2. Menerima laporan dari masyarakat berkaitan dengan pelanggaran kode etik dan pedoman perilaku hakim.
3. Melakukan verifikasi, klarifikasi, dan investigasi terhadap laporan dugaan pelanggaran kode etik dan pedoman perilaku hakim secara tertutup.
4. Memutuskan benar tidaknya laporan dugaan pelanggaran kode etik dan pedoman perilaku hakim.
5. Mengambil langkah hukum dan/atau langkah lain terhadap orang, perorangan, kelompok orang, atau badan hukum yang merendahkan kehormatan dan keluhuran martabat hakim.
“Dengan terbentuknya Kantor Penghubung Komisi Yudisial wilayah Sumatera Selatan ini, diharapkan fungsi Komisi Yudisial dalam menjaga dan menegakkan pelaksanaan kode etik dan/atau perilaku hakim dapat dilakukan secara efektif, optimal, dan menjaga marwah hakim yang bebas dan mandiri,” tambah Elen.
Lebih lanjut, Elen menyatakan bahwa koordinasi dengan jajaran Komisi Yudisial RI selama ini telah terjalin sangat baik, terbukti dalam penjaringan hakim-hakim Agung.
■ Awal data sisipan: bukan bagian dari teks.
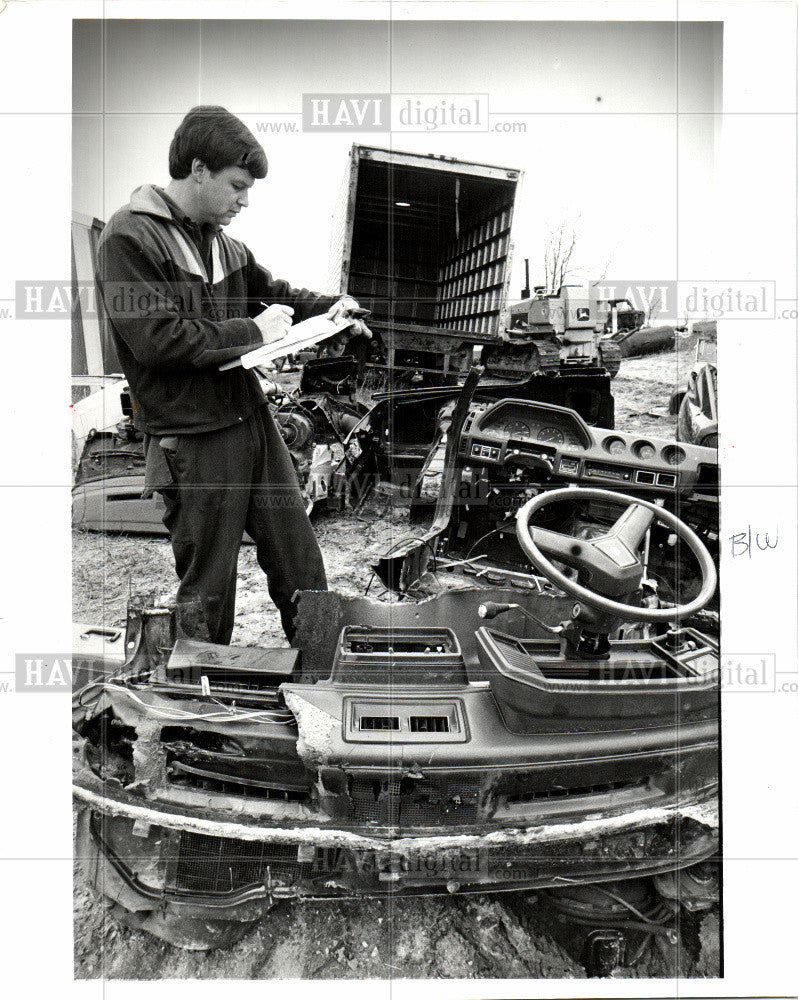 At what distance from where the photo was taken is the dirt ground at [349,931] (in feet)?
8.43

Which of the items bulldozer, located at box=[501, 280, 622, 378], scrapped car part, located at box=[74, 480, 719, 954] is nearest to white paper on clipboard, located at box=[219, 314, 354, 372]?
bulldozer, located at box=[501, 280, 622, 378]

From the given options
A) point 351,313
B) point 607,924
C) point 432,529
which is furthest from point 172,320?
point 607,924

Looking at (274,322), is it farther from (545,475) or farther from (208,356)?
(545,475)

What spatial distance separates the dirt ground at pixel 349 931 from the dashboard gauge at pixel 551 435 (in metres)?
0.31

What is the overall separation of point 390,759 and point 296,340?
57.7 inches

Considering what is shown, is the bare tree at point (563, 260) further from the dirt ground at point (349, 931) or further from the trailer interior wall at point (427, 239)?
the dirt ground at point (349, 931)

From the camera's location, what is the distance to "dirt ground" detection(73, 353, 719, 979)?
2570mm

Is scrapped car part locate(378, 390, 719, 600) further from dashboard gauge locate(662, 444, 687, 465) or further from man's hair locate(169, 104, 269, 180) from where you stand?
man's hair locate(169, 104, 269, 180)

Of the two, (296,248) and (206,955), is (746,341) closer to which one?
(296,248)

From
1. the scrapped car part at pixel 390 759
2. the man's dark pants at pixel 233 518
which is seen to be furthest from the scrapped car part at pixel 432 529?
the man's dark pants at pixel 233 518

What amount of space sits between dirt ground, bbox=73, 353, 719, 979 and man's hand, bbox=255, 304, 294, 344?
2.27ft

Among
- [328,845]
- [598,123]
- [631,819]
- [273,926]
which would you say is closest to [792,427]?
[598,123]

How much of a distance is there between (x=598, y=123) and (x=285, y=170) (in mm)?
1145

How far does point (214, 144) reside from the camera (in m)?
2.66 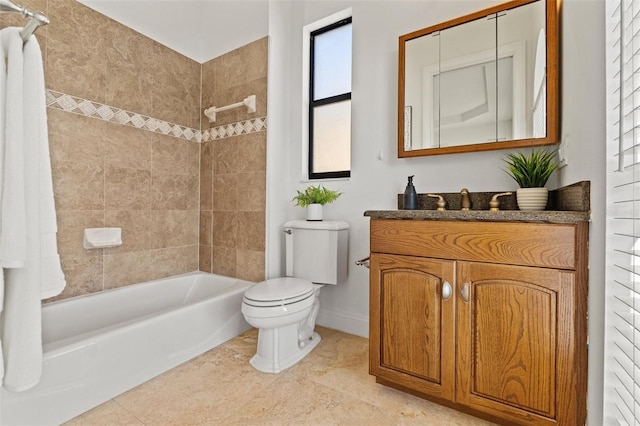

Salah satu tugas Komisi Yudisial RI adalah menjaring dan mendapatkan track record calon-calon Hakim Agung yang pernah bertugas di Pengadilan wilayah Palembang, berkoordinasi dengan Biro Hukum Setda Provinsi Sumatera Selatan.
“Ini merupakan kebanggaan tersendiri bagi Pemerintah Provinsi Sumatera Selatan,” jelasnya.
Masalah penegakan hukum bukanlah hal yang sederhana, mengingat kompleksitas sistem hukum dan hubungan dengan sistem sosial, politik, ekonomi, dan budaya masyarakat. Peran Komisi Yudisial sangat penting dalam mendukung upaya-upaya aparat penegak hukum, menjadi barometer tegaknya prinsip negara hukum.
“Kami berharap dengan terbentuknya Kantor Penghubung Komisi Yudisial Wilayah Sumatera Selatan ini, sinergi dengan Pemerintah Provinsi Sumsel, Pemerintah Kabupaten/Kota, dan stakeholder lainnya dapat terwujud dalam menciptakan aparat dan penegak hukum yang berwibawa serta berperilaku sesuai kode etik,” kata Elen.
Ketua Komisi Yudisial RI, Prof. Amzulian Rifai, menekankan pentingnya memperbaiki pelayanan publik di Indonesia. Pelayanan publik yang baik merefleksikan birokrasi yang baik dan rendahnya tingkat korupsi.
“Indeks Negara Hukum menjadi tolak ukur bagaimana bekerjanya hukum di suatu negara. Pada tahun 2023, Indeks Negara Hukum Indonesia masih belum baik dibandingkan tahun 2022, dengan posisi 0,53. Ini menunjukkan adanya problem dalam birokrasi di semua lini,” ujar Amzulian.
Menurut Amzulian, Indonesia tidak bisa meremehkan hasil survei internasional. “Kita perlu meningkatkan kinerja, karena tuntutan publik semakin tinggi. Tidak ada pilihan lain kecuali meningkatkan kinerja kita,” tandasnya.